My original motivation for doing this research is that Alberta teachers are being asked to become “Architects of Innovative Learning Environments” (Government of Alberta, 2010) and to teach in ways that they were not taught. This means that as teachers they must become learners. For some this is a move to another planet and others just a walk across the street. Regardless it is not what many teachers signed up for.
Innovation by its simplest definition is the introduction of something new. I however believe it is much more than introducing a new device in school. Innovation as how the newness is captured adopted and shared. Denning & Dunham, (2010) describe innovation as the taking and using of newness (invention) together for a common goal (community). We should never separate ourselves from the tools we create. The most amazing inventions are nothing without people to use them. Innovation is a place of possibility. For adoption to take place the user must adopt a playful curious attitude towards the device. Thomas & Seely Brown, (2011) refer to this a questing disposition. I set out to see if I could understand how teachers might make sense of this experience with innovation and I have set out to describe this lived experience using narrative in a case study.
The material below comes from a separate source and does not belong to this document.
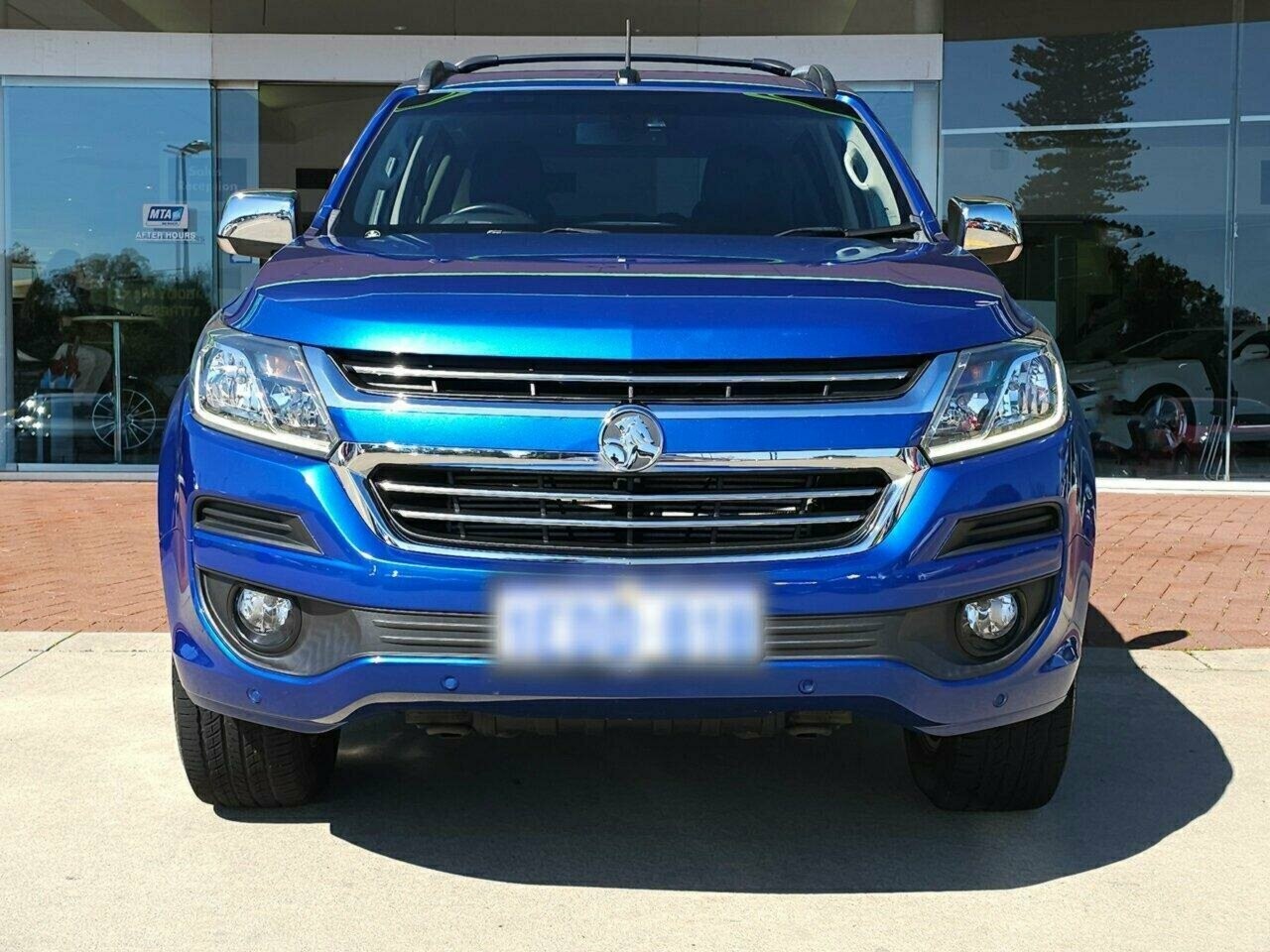 Holden Trailblazer image 2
In my candidacy paper I wrote metaphorically about ‘Education-land’ as if it were an island. Tradition has placed teachers on one side of the island and innovation is on the other side of it. How do we get them there? Who should build the pathways? In my research I have constructed three main themes to analyze my data. The first theme is the demand for teachers to teach in ways that they were not taught. The second theme is what I call confounding variables or the red lights that slow the travel across the island. The third theme is the notion of pathways to travel across the island.
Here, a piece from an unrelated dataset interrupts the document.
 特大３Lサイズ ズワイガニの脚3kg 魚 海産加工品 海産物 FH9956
In each of these themes there are sub-themes and each with a code. I created a spreadsheet in an attempt to untangle the confusion of all of these codes. I counted the frequency of each theme and subtheme and used these numbers to create a graph. At first nothing seemed to reveal itself. I can see that the two most common demands that are being met for students are Personalized Learning [1.1] and Collaborative Shared Leadership [1.7]. The two most commonly observed confounding variables are the Tyranny of Time [2.2] and the Traditional Concept of School (Old School way of working) [2.5]. The two major pathways that I have observed are the use of Available Innovative Technology [3.8] and Flexibility [3.3]. This flexibility is either the teacher responding to unplanned events, planning for the diversity of her student’s needs or the administration’s intentional use of flexible scheduling. Yet what does this mean? Unsatisfied I returned to the literature on Qualitative data analysis.
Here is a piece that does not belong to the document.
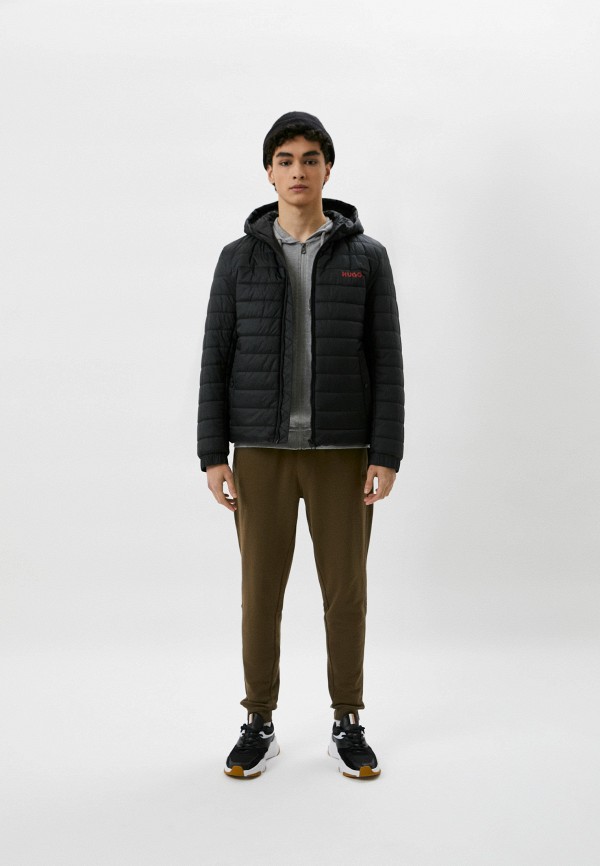 фото Куртка утепленная hugo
While reading, The Coding Manual for Qualitative Researchers and Qualitative Analysis: Practice and Innovation a thought occurred to me. I am struggling with my inexperience and with my childish desire to get it right. Time invested in the pursuit of rightness is like throwing seeds into the wind. They might grow somewhere but I am unlikely to benefit from the action. I forgot about my ‘questing disposition’ that my doctoral experience has cultivated. In this quest I have many choices, many paths to walk and many ways to be right. The question of being right or of ‘truth’ becomes a question of truths. I was born on the traditional side of the island yet my questing feet have taken me towards innovation. In my search for an effective way to code my data I do not wish to outright reject traditional object truth but I do need to find a way to put it respectfully off to the side. My questing disposition desires to find ways of describing complexity, not go looking for an answer to reveal itself in a graph. I remind myself this is an interpretive process. It is an ongoing cycle of confusion and sense making. I need a coding method that will help me untangle the confusion and help me honour the voice of teachers in order to tell a story. What is before me in my graph is simply picture of complexity and only part of the description.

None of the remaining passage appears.